§ THE RECORDS

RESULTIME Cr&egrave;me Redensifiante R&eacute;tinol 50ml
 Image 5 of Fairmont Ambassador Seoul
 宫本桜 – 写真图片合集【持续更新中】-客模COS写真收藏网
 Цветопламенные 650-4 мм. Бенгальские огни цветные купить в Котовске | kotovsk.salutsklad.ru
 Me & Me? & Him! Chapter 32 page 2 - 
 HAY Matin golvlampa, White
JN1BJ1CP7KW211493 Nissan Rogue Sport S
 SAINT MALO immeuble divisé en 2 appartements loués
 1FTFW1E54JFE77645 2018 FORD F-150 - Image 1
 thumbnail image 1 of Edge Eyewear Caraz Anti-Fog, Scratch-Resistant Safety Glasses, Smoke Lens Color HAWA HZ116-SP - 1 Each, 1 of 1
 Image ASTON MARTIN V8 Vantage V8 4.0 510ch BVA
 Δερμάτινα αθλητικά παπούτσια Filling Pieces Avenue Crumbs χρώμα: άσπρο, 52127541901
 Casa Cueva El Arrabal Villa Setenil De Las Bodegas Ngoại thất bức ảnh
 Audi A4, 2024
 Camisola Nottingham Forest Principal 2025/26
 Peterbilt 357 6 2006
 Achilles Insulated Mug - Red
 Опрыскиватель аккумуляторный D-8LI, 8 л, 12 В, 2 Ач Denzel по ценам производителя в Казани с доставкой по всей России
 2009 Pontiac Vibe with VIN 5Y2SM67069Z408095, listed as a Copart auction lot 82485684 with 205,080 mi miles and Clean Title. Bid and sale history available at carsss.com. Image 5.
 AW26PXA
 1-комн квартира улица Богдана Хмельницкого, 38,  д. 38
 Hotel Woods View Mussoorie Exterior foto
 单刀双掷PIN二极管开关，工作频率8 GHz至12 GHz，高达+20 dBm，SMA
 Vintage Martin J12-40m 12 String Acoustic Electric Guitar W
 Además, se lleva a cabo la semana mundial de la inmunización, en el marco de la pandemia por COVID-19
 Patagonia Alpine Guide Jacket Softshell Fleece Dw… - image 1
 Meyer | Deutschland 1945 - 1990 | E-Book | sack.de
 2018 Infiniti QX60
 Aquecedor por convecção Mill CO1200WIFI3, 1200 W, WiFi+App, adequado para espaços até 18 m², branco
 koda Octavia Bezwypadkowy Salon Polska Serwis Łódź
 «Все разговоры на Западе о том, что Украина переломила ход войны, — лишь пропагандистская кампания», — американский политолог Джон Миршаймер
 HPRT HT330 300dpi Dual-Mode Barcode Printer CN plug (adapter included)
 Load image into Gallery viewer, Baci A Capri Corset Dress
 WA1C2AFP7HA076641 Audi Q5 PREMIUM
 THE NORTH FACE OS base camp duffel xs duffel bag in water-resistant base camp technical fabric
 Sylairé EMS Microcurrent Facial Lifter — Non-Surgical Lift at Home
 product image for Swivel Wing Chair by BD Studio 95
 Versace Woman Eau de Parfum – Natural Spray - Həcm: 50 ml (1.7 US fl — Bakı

§ TASK DESCRIPTION
Retype only the stretch of lines above starting at the one with "Además, se lleva" and stopping at the one with "koda Octavia Bezwypadkowy", exactly as written, with both kept.

§ RESPONSE TO THIS TASK
 Además, se lleva a cabo la semana mundial de la inmunización, en el marco de la pandemia por COVID-19
 Patagonia Alpine Guide Jacket Softshell Fleece Dw… - image 1
 Meyer | Deutschland 1945 - 1990 | E-Book | sack.de
 2018 Infiniti QX60
 Aquecedor por convecção Mill CO1200WIFI3, 1200 W, WiFi+App, adequado para espaços até 18 m², branco
 koda Octavia Bezwypadkowy Salon Polska Serwis Łódź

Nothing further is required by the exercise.